Let’s assess the work of the GM on that narrow question

NFL: New York Giants at Cleveland Browns Scott Galvin-USA TODAY Sports

We have been using the bye week to asses the New York Giants in a number of ways. We have done an ABCs look at the team, a position-by-position ‘Kudos & Wet Willies,’ breakdowns of the offense and defense, and a rookie report card.

Along the way there has been much discussion of head coach Joe Judge, as well as offensive and defensive coordinators Jason Garrett and Patrick Graham. Our bye week would not be complete without a look at the work on general manager Dave Gettleman in constructing the 2021 Giants.

During the bye week a season ago, I did a full assessment of Gettleman’s tenure as general manager up to that point. There is no point in going over all of that ground again. Click the links in the sidebar if you want to go back and read those posts from November of 2020. I think most of that work still stands up. What I want to do instead is focus specifically on the decisions made in putting together the 2021 Giants.

There are really three categories to consider:

The offensive line, free agency, the draft.
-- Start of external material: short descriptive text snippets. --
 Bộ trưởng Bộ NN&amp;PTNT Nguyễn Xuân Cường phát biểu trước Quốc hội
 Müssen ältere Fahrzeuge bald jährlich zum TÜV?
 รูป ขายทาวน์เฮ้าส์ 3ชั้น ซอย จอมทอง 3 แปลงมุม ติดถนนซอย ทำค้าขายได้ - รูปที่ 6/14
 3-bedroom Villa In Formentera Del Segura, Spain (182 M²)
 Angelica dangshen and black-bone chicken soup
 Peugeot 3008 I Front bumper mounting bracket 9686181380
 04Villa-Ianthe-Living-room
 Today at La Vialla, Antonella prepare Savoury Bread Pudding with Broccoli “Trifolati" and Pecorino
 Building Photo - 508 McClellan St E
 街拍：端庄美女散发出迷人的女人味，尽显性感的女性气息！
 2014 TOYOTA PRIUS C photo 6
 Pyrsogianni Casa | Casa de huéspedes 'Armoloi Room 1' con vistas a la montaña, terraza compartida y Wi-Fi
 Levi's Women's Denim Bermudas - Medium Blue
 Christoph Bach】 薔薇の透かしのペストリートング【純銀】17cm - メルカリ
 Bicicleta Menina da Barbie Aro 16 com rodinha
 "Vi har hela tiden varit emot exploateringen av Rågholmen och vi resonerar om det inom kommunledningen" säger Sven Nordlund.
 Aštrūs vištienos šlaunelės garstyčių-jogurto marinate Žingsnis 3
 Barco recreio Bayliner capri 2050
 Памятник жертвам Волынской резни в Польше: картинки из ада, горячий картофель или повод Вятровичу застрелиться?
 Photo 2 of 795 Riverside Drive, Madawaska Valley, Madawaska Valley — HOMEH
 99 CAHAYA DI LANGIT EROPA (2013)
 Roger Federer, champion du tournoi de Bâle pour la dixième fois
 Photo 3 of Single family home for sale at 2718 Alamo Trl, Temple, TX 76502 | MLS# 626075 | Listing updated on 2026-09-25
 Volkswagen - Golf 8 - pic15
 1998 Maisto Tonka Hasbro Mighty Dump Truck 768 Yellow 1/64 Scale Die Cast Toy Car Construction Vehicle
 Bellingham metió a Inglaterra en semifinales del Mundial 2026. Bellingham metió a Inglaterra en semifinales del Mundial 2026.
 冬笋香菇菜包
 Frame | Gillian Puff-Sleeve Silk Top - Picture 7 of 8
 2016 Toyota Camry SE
There will be some crossover with both free agency and the draft as we discuss the offensive line, but I think it is important that that we break that into a category of its own.

Offensive line

Everyone who pays even a modicum of attention to the New York Giants knows what the plan was for the offensive line. The Giants were all-in with a young, homegrown, seemingly talented but obviously unproven group. From left to right, the starters were going to be LT Andrew Thomas, LG Shane Lemieux, C Nick Gates, RG Will Hernandez, RT Matt Peart.

The Giants were going to hold a group of veteran players in reserve. As training camp opened, that group looked to be Nate Solder, Zack Fulton and Joe Looney. A young player like Kyle Murphy was probably headed to the practice squad as a developmental piece.

We will never know if that plan would have worked.

Injuries and retirements blew that plan to smithereens before it had a chance to get started. The timing of training camp retirements by Fulton and Looney, the decision to try and nurse Lemieux through his knee injury that resulted in him lasting 17 snaps before heading to IR and Nick Gates’ gruesome season-ending Week 2 injury, left the Giants scrambling for replacement bodies at the beginning of the season.

The Giants acquired center Billy Price in exchange for defensive tackle B.J. Hill. You can argue that Hill is a better player that Price, but it seemed apparent Hill wasn’t in the Giants’ long-term plans and they got something immediately useful in return rather than cut him outright or lose him as a free agent after this season.

Price, 15th of 22 qualifying centers per Pro Football Focus grades, has done a decent job in eight starts filling in for Gates. He does not, though, look like a long-term answer at the position.

The Giants made what now looks like a questionable trade with the Baltimore Ravens for second-year guard Ben Bredeson. They gave up a 2022 fourth-round pick in return for Bredeson, a 2022 fifth-round pick and a 2023 seventh-round pick. Bredeson suffered a hand injury in Week 3 and has subsequently lost his job to Matt Skura.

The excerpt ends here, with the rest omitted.